Monday, 11 August 2014

Implied term that vendor must act in a reasonable manner when selling land pursuant to liquidated damages clause


What duties does a vendor have in selling land pursuant to a liquidated damages clause in the sale contract following a default by the purchaser?

There are three possibilities:

(a)  if a vendor acts unreasonably in failing to minimise loss arising from a purchaser’s breach, any damages will be reduced to the extent that the vendor’s loss would have been reduced had the vendor acted reasonably;
(b)  the duty imposed on a vendor is similar to that imposed on a mortgagee exercising a power of sale granted under a security, the duty being to act in good faith;
(c)  there is an implied term in the contract for the sale of duty that a vendor will exercise the power of resale in a reasonable manner.

In Portbury Development Co Pty Ltd v Ottedin Investments Pty Ltd [2014] VSC 57 Garde J rejected the first two possibilities and held that there was an implied term in the contract that the vendor would act reasonably in the exercise of its power of resale and that this implied term extended to all aspects of the resale. The contractual provision considered by the court was general condition 28.4 of the general conditions which provides:

“If the contract ends by a default notice given by the vendor:



  1. the deposit up to 10% of the price is forfeited to the vendor as the vendor’s absolute property, whether the deposit has been paid or not; and
  2. the vendor is entitled to possession of the property; and
  3. in addition to any other remedy, the vendor may within one year of the contract ending either:
  4. retain the property and sue for damages for breach of contract; or
  5. resell the property in any manner and recover any deficiency in the price on the resale and any         resulting expenses by way of liquidated damages; and
  6. the vendor may retain any part of the price paid until the vendor’s damages have been determined and may apply that money towards those damages; and any determination of the vendor’s damages must take into account the amount forfeited to the vendor.”
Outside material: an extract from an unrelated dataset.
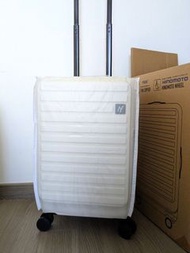 Japan 🇯🇵 日本 100% NEW Hinomoto 靜音轆 YKK Japanese brand silent wheel WHITE COLOR Polycarbonate Expandab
His Honour held that the implied duty to act in a reasonable manner in exercising the power of resale did not mean that a vendor had to put the interests of the defaulting purchaser ahead of his own. At [175] His Honour said:

“Where the interests of a vendor and the purchaser in breach are in conflict, for example as to the urgency or method of the resale, the vendor is entitled to prefer his own interests to those of the purchaser in breach, provided that in so doing the vendor acts in a reasonable manner. The obligation on the vendor to act in a reasonable manner has been held to apply to price, time of resale and conduct in the form or method of resale. It would also extend to the terms of resale to be offered by the vendor.”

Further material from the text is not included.